Every now and again, we stumble upon an error of some type in
the shirt department. How can that be, we ask ourselves? We
have seen this before and have established some sort of
procedure to prevent it from happening. Why does it happen
again and in spite of our efforts?
I could answer this question with
a simple phrase “Because we have humans working for us,”
but that would be unfair. We already know that that is the
reason. Better phraseology then, would be “How do we beat
human nature to the punch?”
But, if we look too carefully, we
seem to slip back rather than creep forward. During an
analytical moment, our shirt department seems to be the poster
child for counter-productivity. The shirt department looks and “feels”
better when we view it from afar. Perhaps that is why shirts
rarely get nurtured, but rather are tended to when a “fire”
erupts. It is safer and more productive. After all, if we
looked too closely, we would never have time to do anything
else other than shirts.
Let’s name three typical
mistakes, as examples, and try to figure out why they happen. I
may not be able to rid your plant of this error from this desk,
but I’ll surely give you a new angle from which to look
at the problem. These problems may or may not be issues in your
shirt laundry, but either way, they are put forth to serve as
examples and may well apply to other shirt department problems
and issues.
Our “typical” laundry
has 1) a shirt with wrinkles pressed into the cuffs, 2) a shirt
order with a mistake in it — a tag that doesn’t
match the master tag, and 3) a shirt with rough-dry, wrinkled
areas on both sides of the shirt.
If a customer brings any or all of
these shirts to your personal attention, you are likely to
flip.
“Why do I have a cuff and
collar press? To mangle a cuff like this?”
“The blind girl must be
doing assembly today!”
“What do I have inspection
for?”
Keep in mind that these are not
necessarily the reasons for these problems in your plant, but
they are put forth to get you to start thinking in a different
manner.
Let’s think about the
wrinkled cuff first. How can that get by an inspector? Because
nobody looked, that’s why.
Obvious and invisible
When I first ran into this
problem, I was sure that the pressers themselves would catch
this mistake. I considered that when the head of the press
releases, clearly exposed in plain sight is a collar and two
cuffs, hot and freshly pressed. Any pressing error will be
obvious.
For some reason that I can’t
explain, they aren’t. I have personally pressed shirts
improperly — some kind of seemingly obvious pressing
flaw, somewhere — and didn’t see it until it was
off the press.
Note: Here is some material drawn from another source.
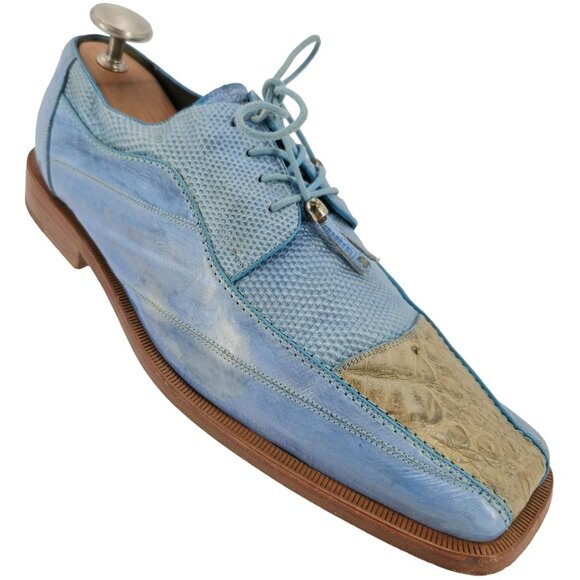 Romano Exotic Shoes Other - Vintage Exotic Romano Eel Crocodile Dress Shoes Baby Blue Cream Derby Oxford 9.5
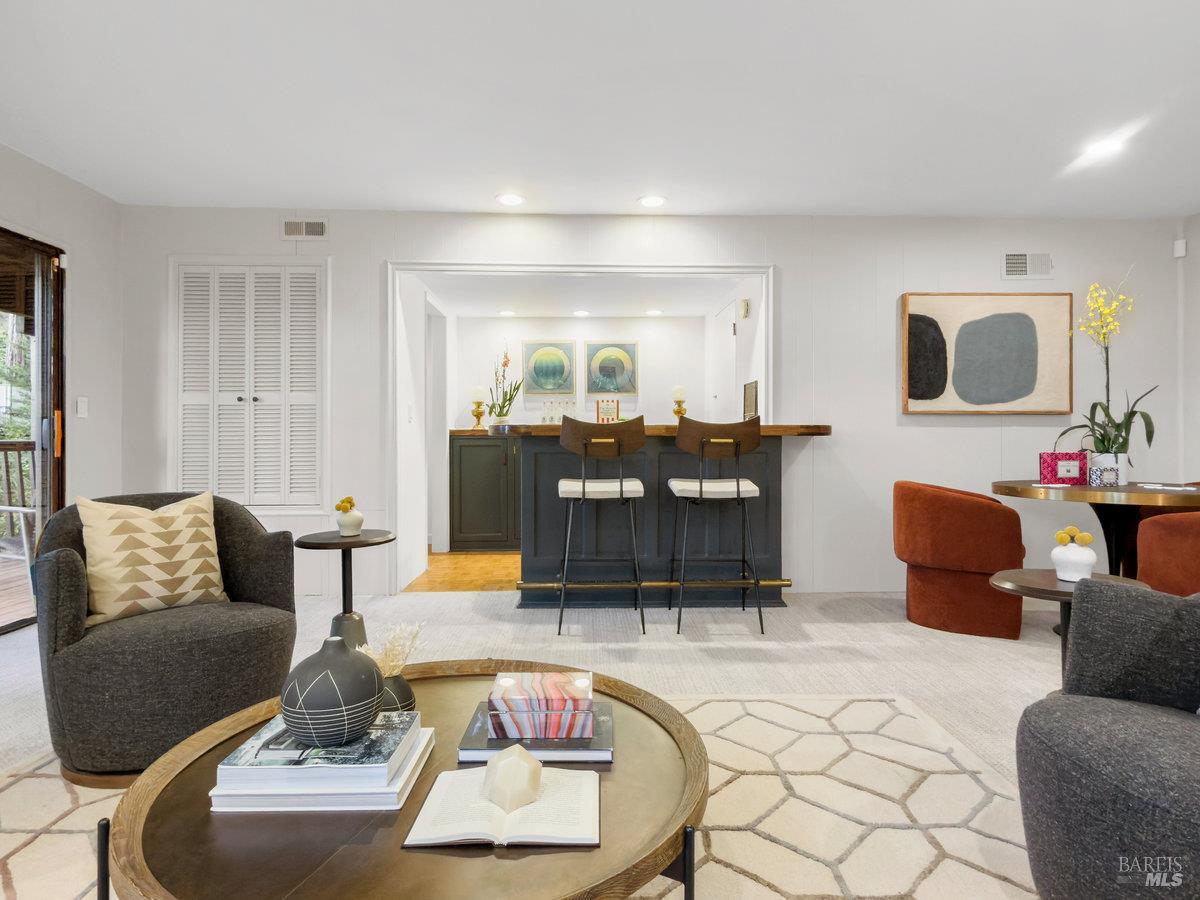 300 Hazel Avenue Mill Valley, CA 94941 - Photo 23 of 50 a living room with furniture and a fireplace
I don’t know why, and I don’t care.
But I do know that it tells me that self-inspection is not
possible. I agree that it sounds like it should be possible,
but from my desk, I say that a presser inspecting his or her
own work has not been proved possible.
The next possible cause of
mistakes getting by is what I call “routine”
errors. Let’s say that the sides of the shirts are not
pressed properly and they are sent to touch-up/inspection.
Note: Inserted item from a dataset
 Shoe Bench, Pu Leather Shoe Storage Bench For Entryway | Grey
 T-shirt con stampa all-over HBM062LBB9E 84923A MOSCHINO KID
The reason that the sides are like
this (this time) is that the shirt is bigger than the buck. The
sides are touched-up properly. All is fine. When this problem
rears its ugly head again, it is now because the air bags on
the body press need replacing. Each bag has a six-inch tear in
it and the bags barely inflate at all. Shirt after shirt, now,
has “defective” sides.
Every shirt needs touch-up. Only
the worst ones get touched-up. That means that if the shirts
come off the unit with fairly high standards, shirts go to the
customer with even higher standards. If the shirts coming off
the unit are very poor, it is accepted in the interest of
remaining “caught up.”
The reasoning, shamefully, is that
“we don’t have time to touch-up every shirt.”
Somehow that turns into we touch up no shirts.
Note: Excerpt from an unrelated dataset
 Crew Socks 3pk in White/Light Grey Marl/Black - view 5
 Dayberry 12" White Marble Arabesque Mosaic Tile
Hopefully, you are certain that
this doesn’t happen in your plant. I suggest that you not
be so sure. It happens more often than you think, maybe when
you’re not looking.
Double trouble
The next way to make mistakes is a
real heartbreaker. Two people making the same mistake or the
same mistake being made twice by the same person. It happens
most often when referring to tags and sorting and assembly.
If you suddenly find yourself in
the middle of numerous sorting errors, you will crack down and
demand that the person that bags the shirts (or the
drycleaning) recheck all of the tags.
Does this work? Theoretically,
yes. Practically, not necessarily.
I think that the problem is that
not enough mistakes will be made, even with the most haphazard
system. Even the dopiest assembly system will give you
something like 99.9 percent accuracy. That sounds pretty good,
but it is actually quite poor. It means one “lost”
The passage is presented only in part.